Cynthia’s meditations are guided and driven by spiritual author Steven Levine’s methods. He has written books regarding meditation and grief work. She also follows the philosophy of George Gurdjieff, who taught how to become hyper-aware of your own consciousness. 

“Gurdjieff philosophy has changed my life,” said Cynthia.

When we started the meditation, she had me sit with my feet planted on the ground and my hands intertwined with my thumbs overlapped. She was avidly against me crossing my legs–not only during meditation but in general. 

Following this information, she asked me to straighten my posture and close my eyes. Keeping my feet planted on the floor helped me to focus on my body in a classic, relaxed position. It also allows me to better concentrate on my deep thoughts.
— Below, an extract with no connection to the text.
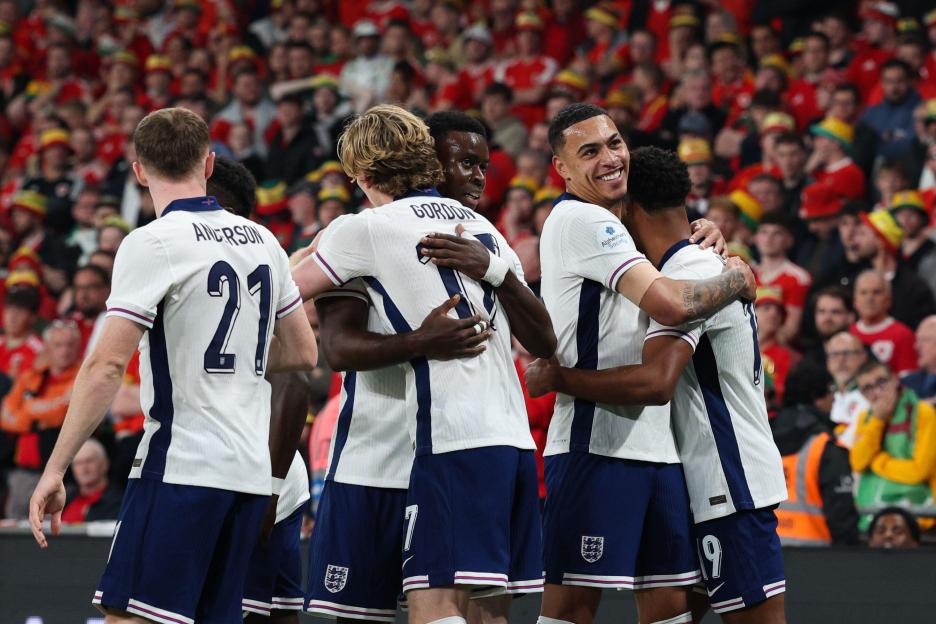 England players celebrate their side's second goal.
I came to ignore all other distractions, and I found a place of calm, an intriguing area of my conscious mind. Meditation allows you to only focus on yourself. Its purpose is to focus on making your body come back to an internal equilibrium.

For people that are stressed, anxious, or disconnected from their bodies, meditation is a great way to streamline yourself toward a calm state of mind. For those who are simply searching to find a deeper meaning and better understanding of themselves, meditation can do that too.

Meditating is a great stress relieving and learning tool for everyone in our school. Everyone can benefit from it. 

“The only evolution left is psychological,” said Burke. 

Using meditation will aid progress as an individual and happiness as a community.